[Opening Given records section]

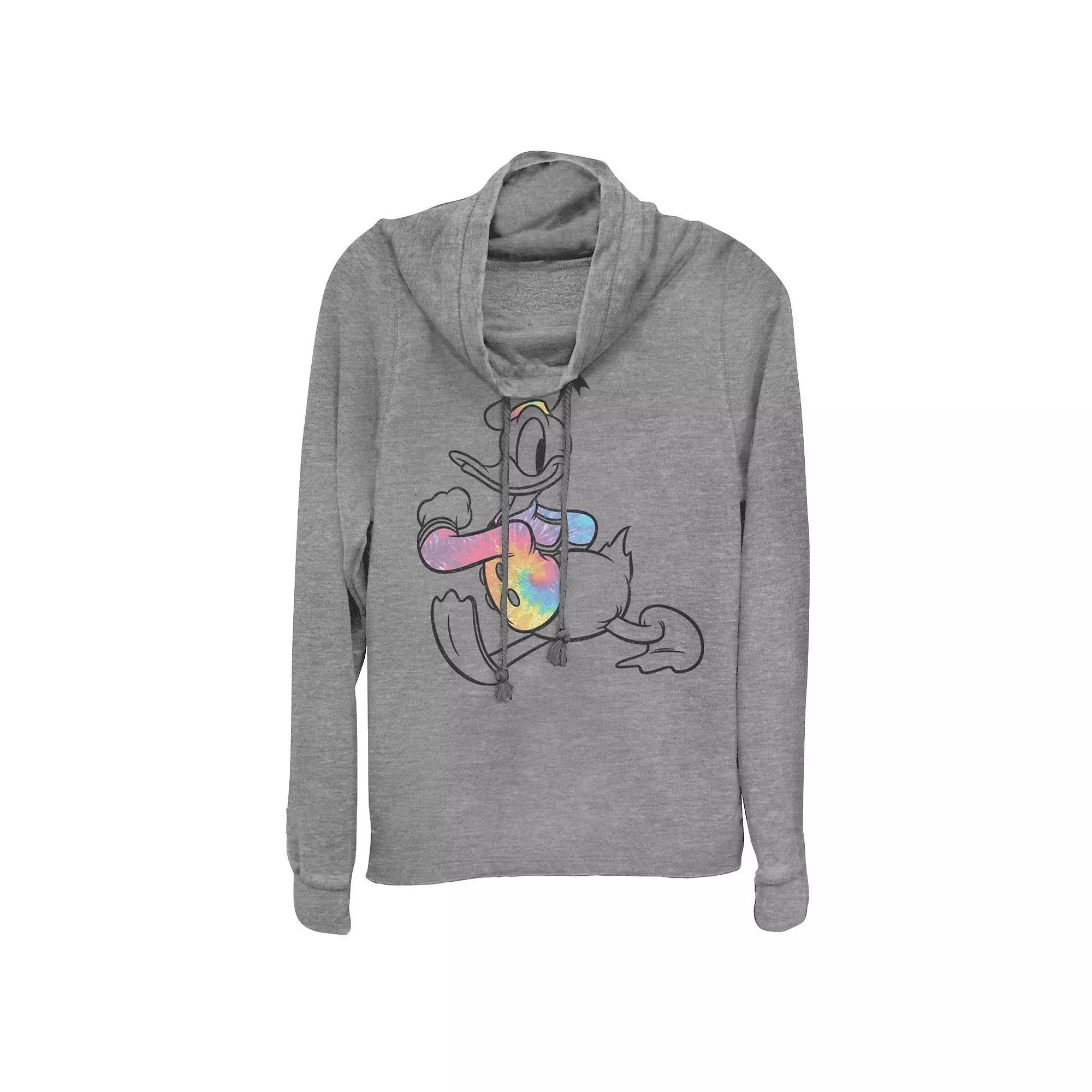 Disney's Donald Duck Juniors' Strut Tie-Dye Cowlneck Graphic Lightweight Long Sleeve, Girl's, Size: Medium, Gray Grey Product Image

[Closing Given records section]
[Opening Given records section]

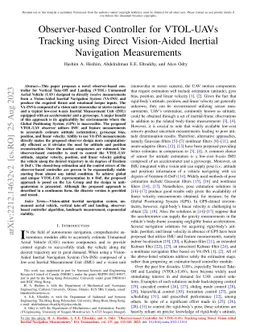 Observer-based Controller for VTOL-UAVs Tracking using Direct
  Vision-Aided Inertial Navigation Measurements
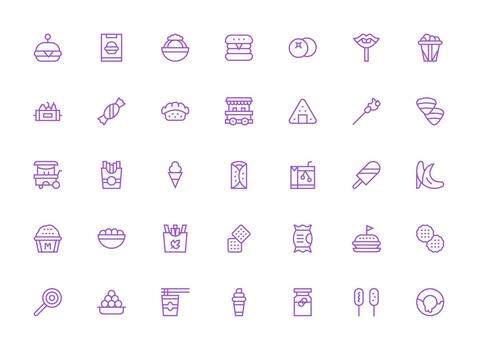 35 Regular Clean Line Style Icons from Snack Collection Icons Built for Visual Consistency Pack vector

[Closing Given records section]
[Opening Given records section]

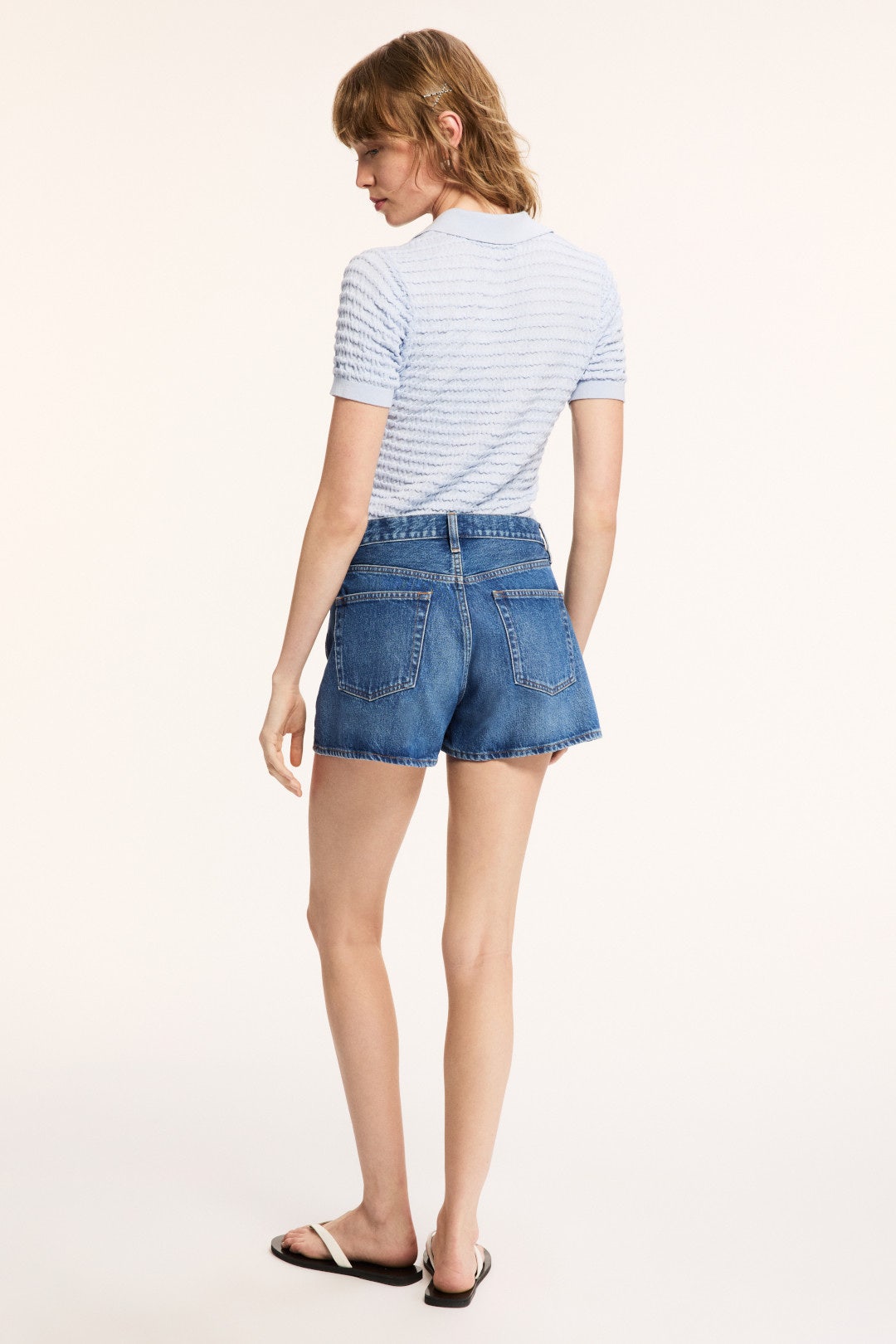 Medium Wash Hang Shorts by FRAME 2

[Closing Given records section]

◆ Aim of the exercise ◆
Give again the stretch of the entries above that begins at the line with "Observer-based Controller for" and ends at the line with "35 Regular Clean", word for word, with no pictures.

◆ Written answer ◆
 Observer-based Controller for VTOL-UAVs Tracking using Direct
  Vision-Aided Inertial Navigation Measurements
 35 Regular Clean Line Style Icons from Snack Collection Icons Built for Visual Consistency Pack vector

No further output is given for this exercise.